Working data:
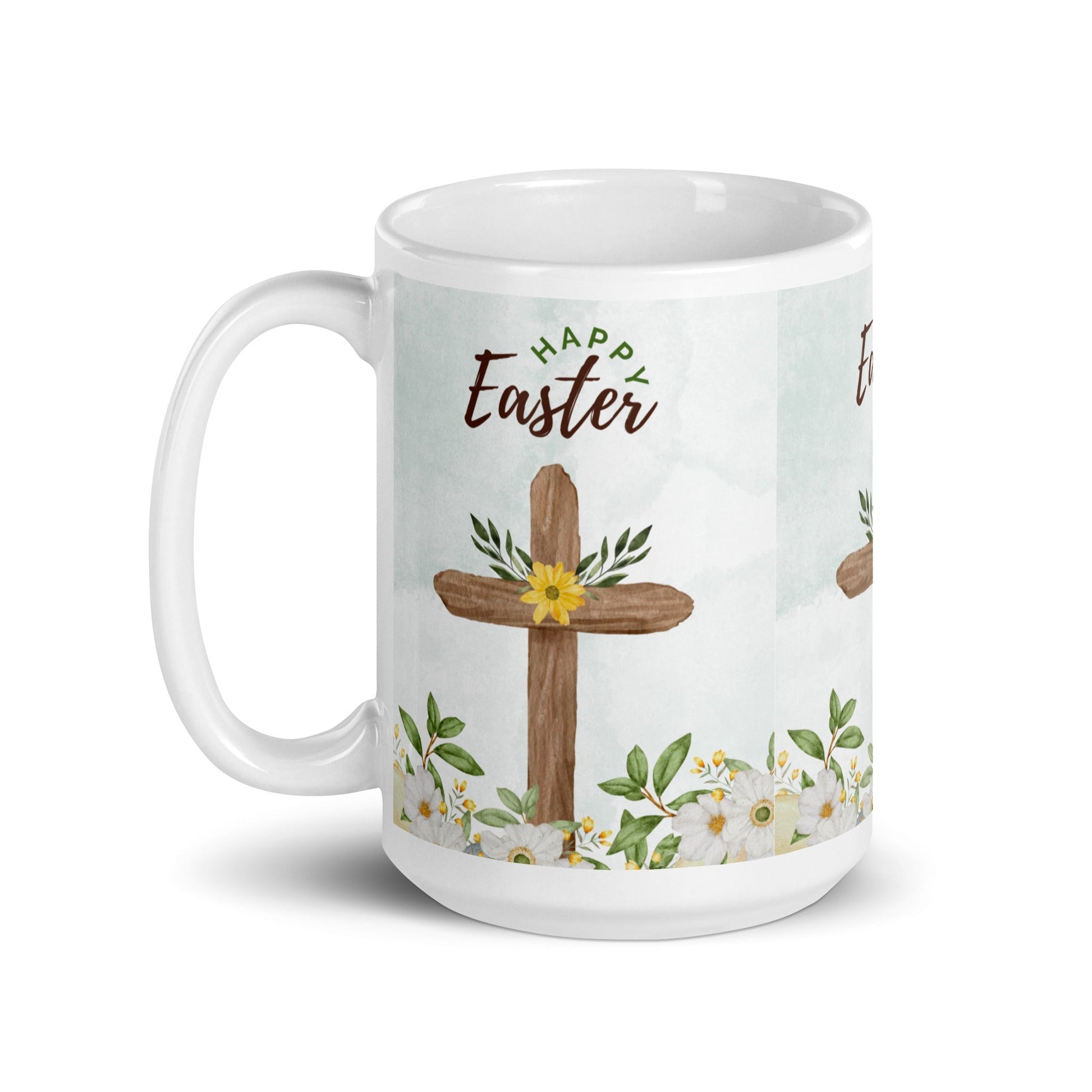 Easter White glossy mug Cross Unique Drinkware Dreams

---

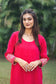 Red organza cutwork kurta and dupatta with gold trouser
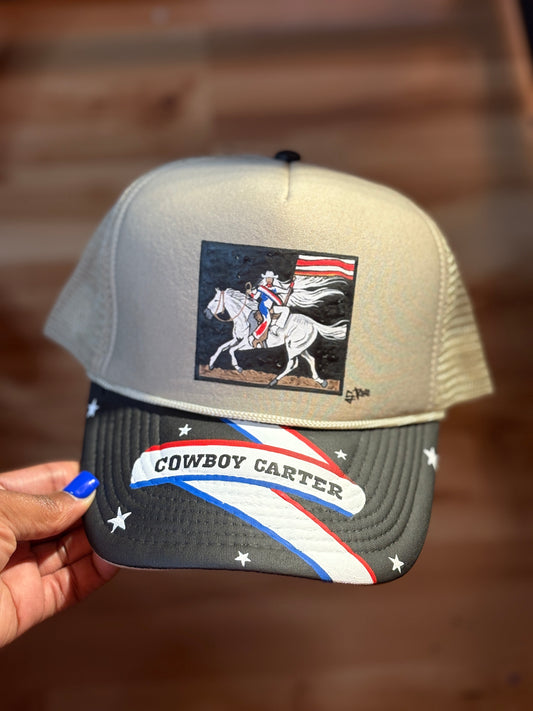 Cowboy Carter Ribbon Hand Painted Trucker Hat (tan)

Your assignment:
In the listing above, find the line containing "Red organza cutwork" and the line containing "Cowboy Carter Ribbon". Print those two lines and every line between them exactly, with no pictures.

Result:
 Red organza cutwork kurta and dupatta with gold trouser
 Cowboy Carter Ribbon Hand Painted Trucker Hat (tan)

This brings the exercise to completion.